» Task:
Set down all of the records below exactly, please, omitting the images.

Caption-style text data
◇ ◇ ◇ ◇ ◇

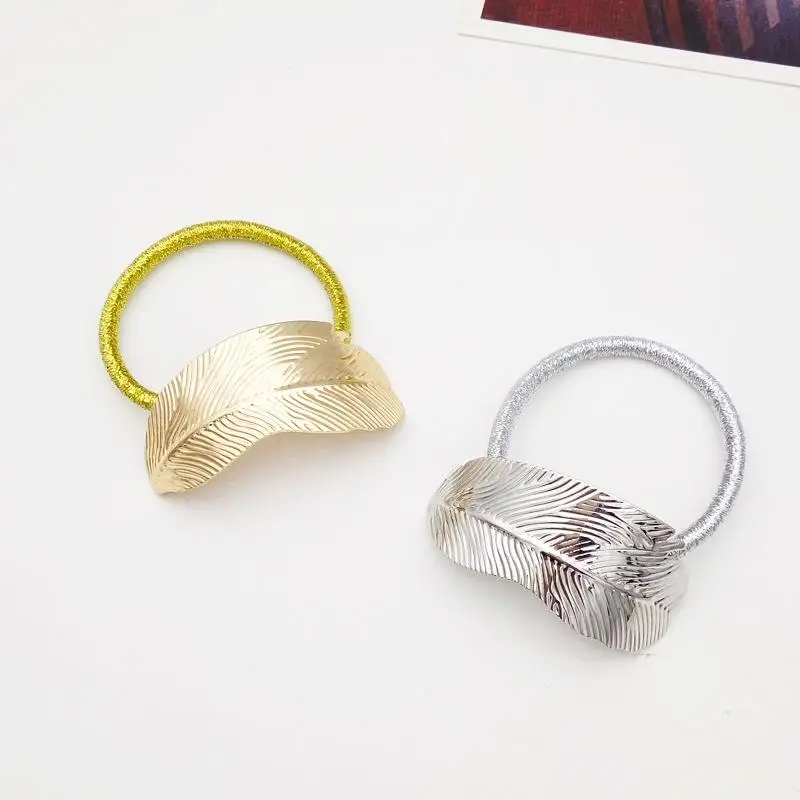 Модный Золотой Серебряный Женский листок резинка для волос Веревка повязка на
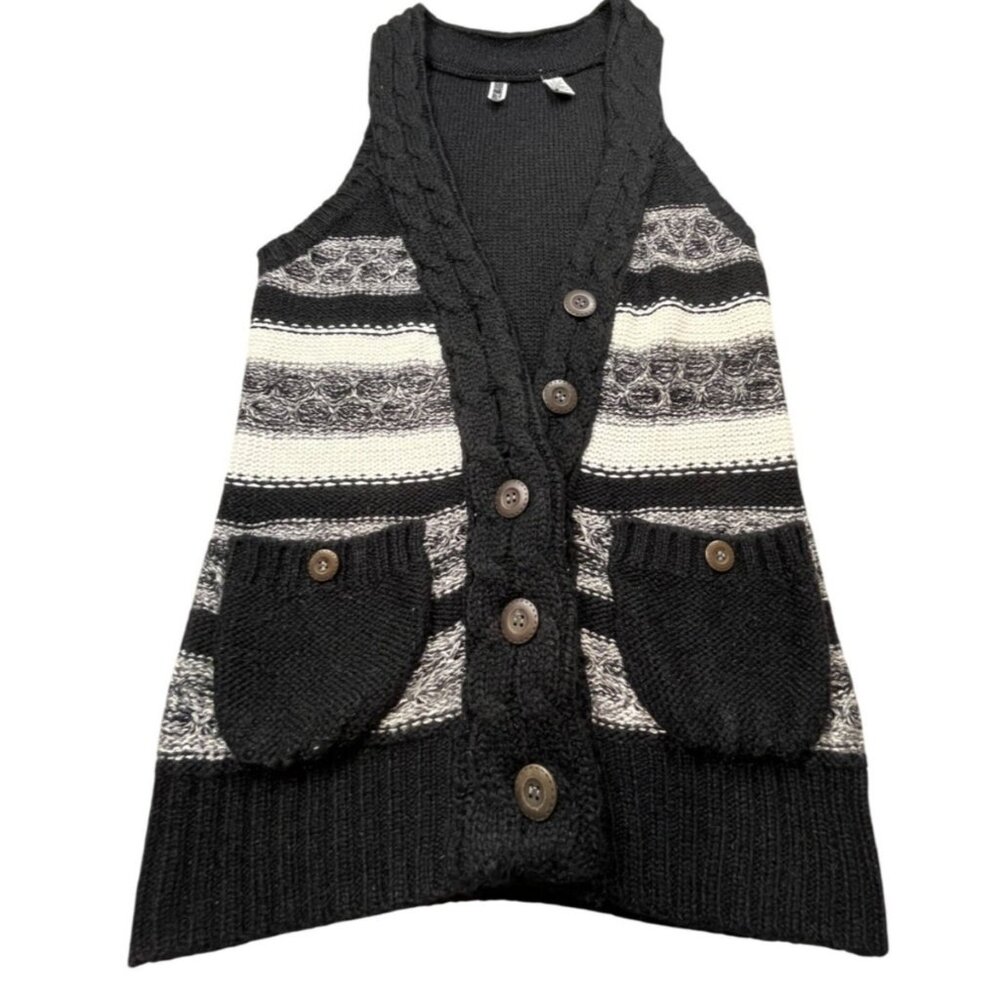 BKE Sweater Vest Womens Large Black Gray Sleeveless Button Front Knit Pockets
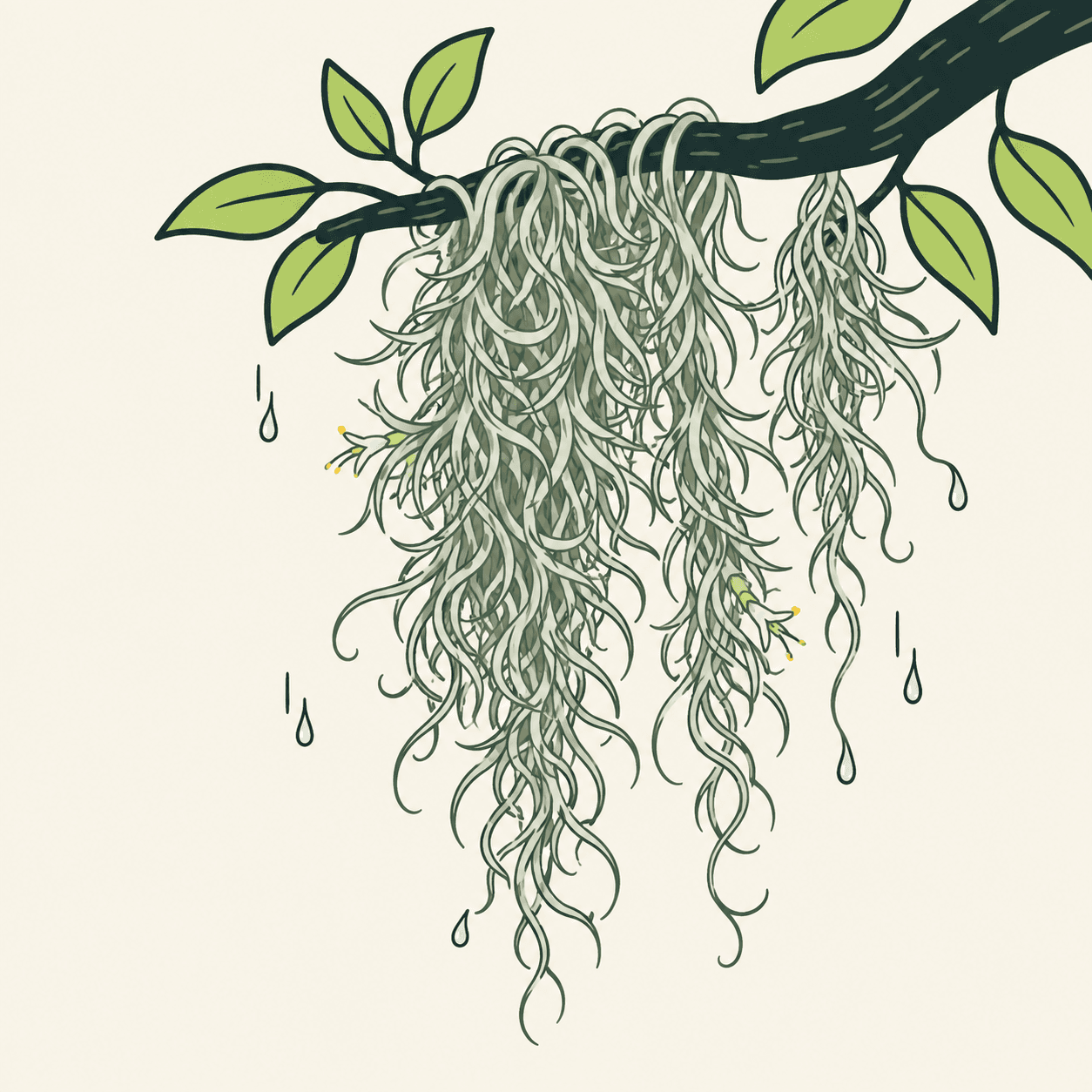 Tillandsia usneoides illustrata con fusti pendenti, foglie argentee strette e ricurve e gocce di pioggia, appesa a un ramo di sostegno.
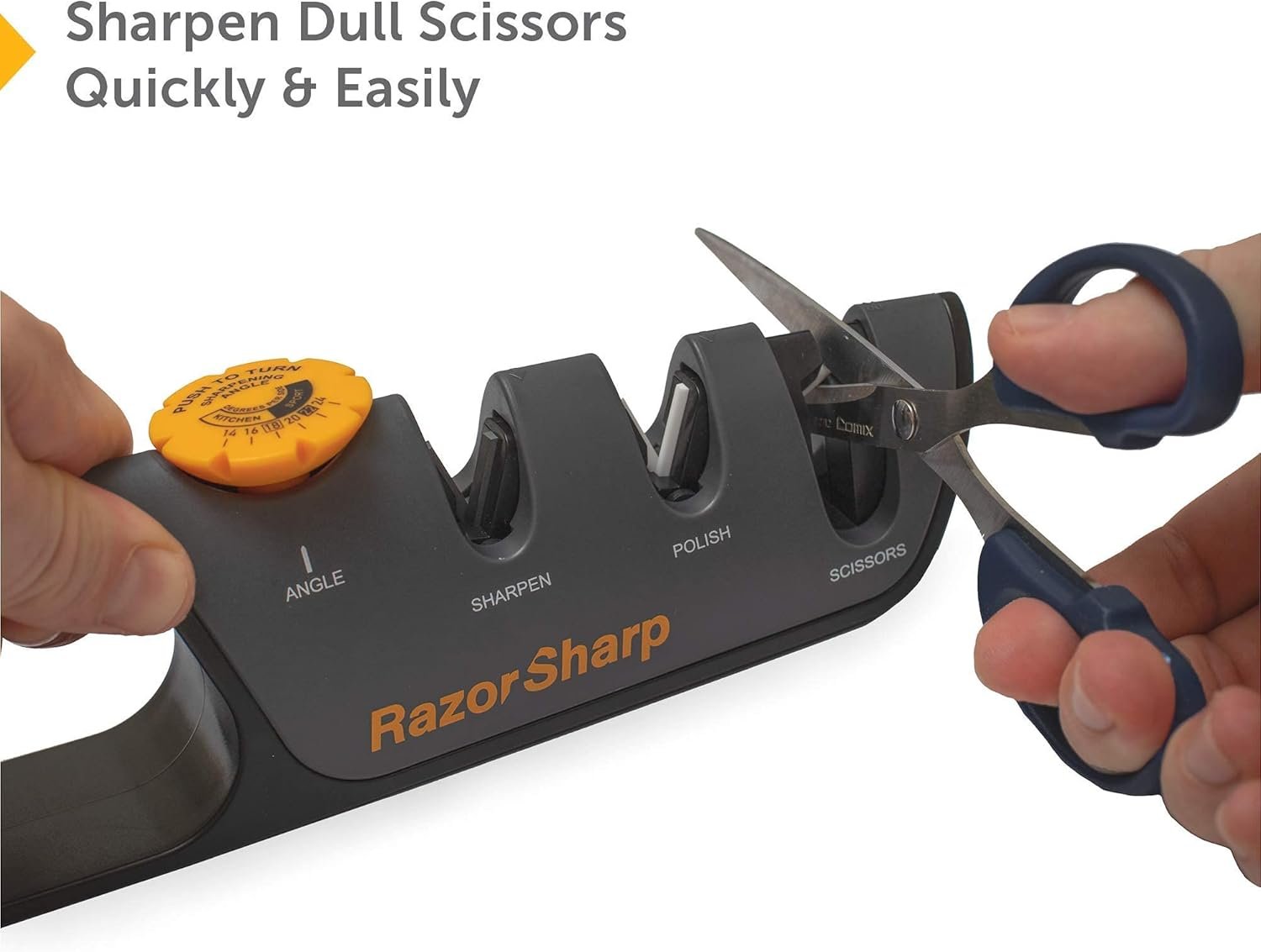 RazorSharp™ Knife Sharpener With Adjustable Angle Guide — Diamond-Coated Ceramic Sharpening Stones for All Knives Including Precision Kitchen, Professional, Chef's Knives — Non-Slip Rubber Edge Grip - Image 4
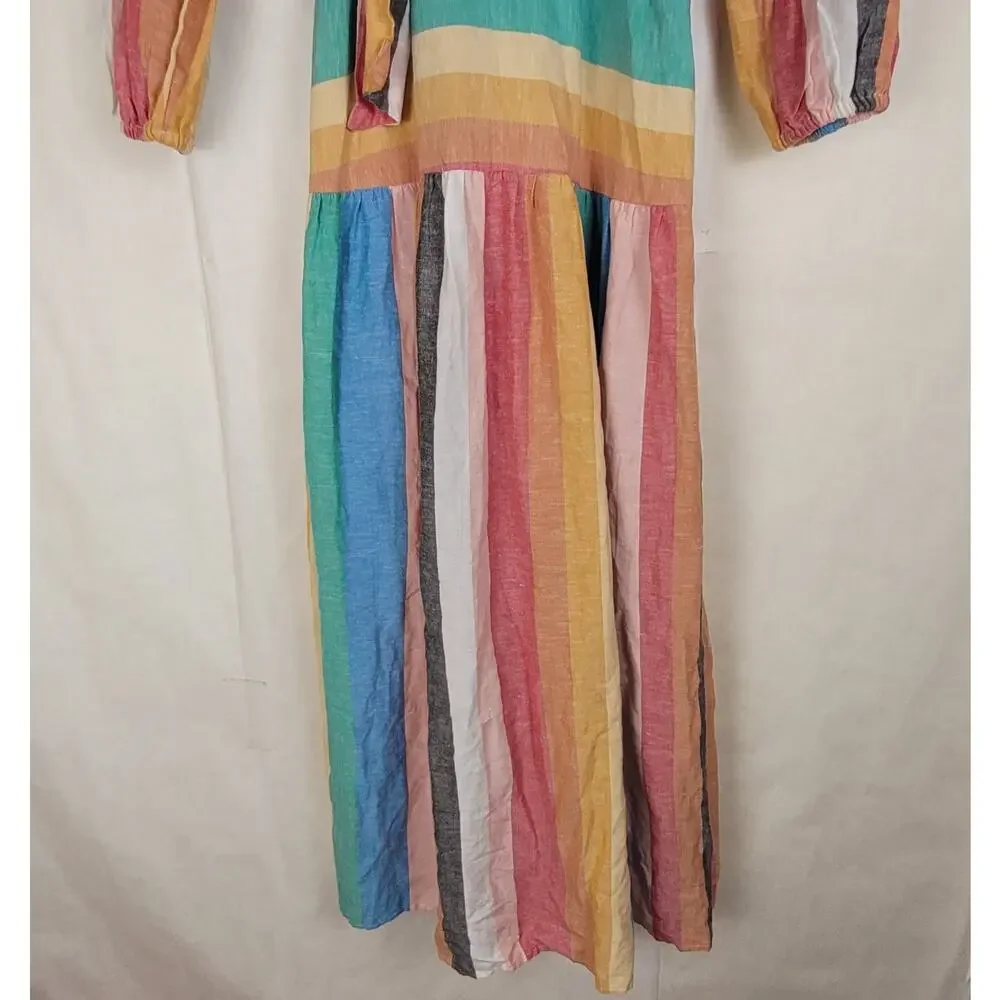 Billabong x Sincerely Jules rainbow striped vneck maxi dress Size XS Boho - Picture 7 of 11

◇ ◇ ◇ ◇ ◇

» Answer space:
 Модный Золотой Серебряный Женский листок резинка для волос Веревка повязка на
 BKE Sweater Vest Womens Large Black Gray Sleeveless Button Front Knit Pockets
 Tillandsia usneoides illustrata con fusti pendenti, foglie argentee strette e ricurve e gocce di pioggia, appesa a un ramo di sostegno.
 RazorSharp™ Knife Sharpener With Adjustable Angle Guide — Diamond-Coated Ceramic Sharpening Stones for All Knives Including Precision Kitchen, Professional, Chef's Knives — Non-Slip Rubber Edge Grip - Image 4
 Billabong x Sincerely Jules rainbow striped vneck maxi dress Size XS Boho - Picture 7 of 11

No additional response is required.